With some hum/sing Telecasters, the pickup contrast is so exaggerated that one pickup inevitably sounds thin, the other muddy. But while the U.S. Fat's humbucker fully lives up to the guitar's name, it never overpowers its partner. For all its low-end wallop, it has enough bite and sparkle to blend with the bridge pickup. Furthermore, you can cancel one of the coils for a more traditional Tele neck-pickup sound. All five pickup settings offer beautifully balanced sounds with the electrifying presence and acoustic-like openness of a good vintage Tele.
The U.S. Fat has the same sexy but substantial neck and chubby frets as the other new Teles.

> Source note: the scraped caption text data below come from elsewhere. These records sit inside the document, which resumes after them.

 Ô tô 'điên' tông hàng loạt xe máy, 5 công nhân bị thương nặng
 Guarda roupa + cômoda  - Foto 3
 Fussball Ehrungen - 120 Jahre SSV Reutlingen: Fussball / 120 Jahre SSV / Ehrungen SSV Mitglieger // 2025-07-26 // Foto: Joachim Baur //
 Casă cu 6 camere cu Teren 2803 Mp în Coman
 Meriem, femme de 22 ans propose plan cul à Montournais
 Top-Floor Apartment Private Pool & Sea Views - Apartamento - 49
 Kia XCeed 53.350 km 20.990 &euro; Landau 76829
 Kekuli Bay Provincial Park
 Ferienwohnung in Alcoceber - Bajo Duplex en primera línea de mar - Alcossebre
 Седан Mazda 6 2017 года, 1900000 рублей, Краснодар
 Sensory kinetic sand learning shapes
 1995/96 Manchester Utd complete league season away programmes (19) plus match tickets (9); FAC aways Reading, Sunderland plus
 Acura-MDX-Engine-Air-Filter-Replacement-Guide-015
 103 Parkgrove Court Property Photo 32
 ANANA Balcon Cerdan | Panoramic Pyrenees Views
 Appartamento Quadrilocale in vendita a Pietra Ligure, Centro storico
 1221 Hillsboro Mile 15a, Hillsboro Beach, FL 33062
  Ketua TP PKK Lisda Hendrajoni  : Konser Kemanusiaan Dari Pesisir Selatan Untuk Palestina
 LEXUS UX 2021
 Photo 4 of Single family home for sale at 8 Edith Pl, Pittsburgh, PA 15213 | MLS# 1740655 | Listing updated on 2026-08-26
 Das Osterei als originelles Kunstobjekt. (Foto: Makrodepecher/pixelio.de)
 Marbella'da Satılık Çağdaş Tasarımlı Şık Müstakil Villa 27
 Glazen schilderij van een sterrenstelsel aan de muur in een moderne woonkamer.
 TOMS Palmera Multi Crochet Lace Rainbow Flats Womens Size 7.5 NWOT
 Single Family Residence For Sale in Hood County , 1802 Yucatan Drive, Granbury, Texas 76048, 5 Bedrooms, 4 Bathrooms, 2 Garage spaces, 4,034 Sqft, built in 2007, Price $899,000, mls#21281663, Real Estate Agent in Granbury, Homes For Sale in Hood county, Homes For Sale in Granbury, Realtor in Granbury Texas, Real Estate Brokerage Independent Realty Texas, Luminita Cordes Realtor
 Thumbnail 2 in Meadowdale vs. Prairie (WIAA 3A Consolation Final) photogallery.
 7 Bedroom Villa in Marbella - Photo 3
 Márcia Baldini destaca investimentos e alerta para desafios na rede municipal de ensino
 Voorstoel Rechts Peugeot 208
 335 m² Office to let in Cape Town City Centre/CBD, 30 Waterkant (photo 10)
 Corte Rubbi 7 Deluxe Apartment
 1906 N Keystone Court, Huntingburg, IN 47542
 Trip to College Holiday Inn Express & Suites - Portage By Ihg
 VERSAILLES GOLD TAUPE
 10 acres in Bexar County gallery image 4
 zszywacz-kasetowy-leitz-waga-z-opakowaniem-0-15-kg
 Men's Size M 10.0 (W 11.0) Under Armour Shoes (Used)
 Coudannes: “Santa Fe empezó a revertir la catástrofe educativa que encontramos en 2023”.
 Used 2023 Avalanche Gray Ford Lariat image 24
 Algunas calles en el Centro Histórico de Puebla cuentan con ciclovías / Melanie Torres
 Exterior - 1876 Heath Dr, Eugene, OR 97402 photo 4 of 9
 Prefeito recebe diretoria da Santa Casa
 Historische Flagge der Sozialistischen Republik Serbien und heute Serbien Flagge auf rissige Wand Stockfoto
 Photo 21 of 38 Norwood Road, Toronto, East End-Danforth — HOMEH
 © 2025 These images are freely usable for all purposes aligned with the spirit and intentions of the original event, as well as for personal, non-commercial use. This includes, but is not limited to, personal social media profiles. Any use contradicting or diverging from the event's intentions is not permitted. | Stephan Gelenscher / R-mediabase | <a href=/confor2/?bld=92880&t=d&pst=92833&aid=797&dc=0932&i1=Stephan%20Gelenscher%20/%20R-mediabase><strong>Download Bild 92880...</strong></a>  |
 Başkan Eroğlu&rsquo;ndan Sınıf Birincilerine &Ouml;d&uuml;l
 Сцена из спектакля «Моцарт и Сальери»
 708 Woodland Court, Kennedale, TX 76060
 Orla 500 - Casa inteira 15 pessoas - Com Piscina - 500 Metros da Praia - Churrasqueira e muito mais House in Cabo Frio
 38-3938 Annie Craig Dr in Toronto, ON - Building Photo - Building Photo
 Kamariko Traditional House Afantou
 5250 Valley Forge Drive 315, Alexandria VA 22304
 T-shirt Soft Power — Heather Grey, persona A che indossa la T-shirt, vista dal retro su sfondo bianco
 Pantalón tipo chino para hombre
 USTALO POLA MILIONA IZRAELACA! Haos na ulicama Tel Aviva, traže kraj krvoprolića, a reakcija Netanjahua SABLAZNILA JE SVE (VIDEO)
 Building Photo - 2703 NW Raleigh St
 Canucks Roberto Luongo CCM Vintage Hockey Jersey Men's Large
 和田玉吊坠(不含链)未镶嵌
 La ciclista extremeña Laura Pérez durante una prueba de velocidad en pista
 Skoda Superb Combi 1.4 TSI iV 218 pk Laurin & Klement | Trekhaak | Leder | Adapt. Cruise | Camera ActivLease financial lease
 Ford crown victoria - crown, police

Overall workmanship is excellent, and the mother-of-toilet-seat pickguard strikes just the right note of gaudiness against the flawless two-tone sunburst finish.
The Fat Tele offers exactly what its name implies: vintage-style brilliance with extra girth. Anyone seeking both credible country twang and genuine rock muscle will love this terrific ax. It does what most mutant Teles have always aspired to do, though few have pulled it off so triumphantly.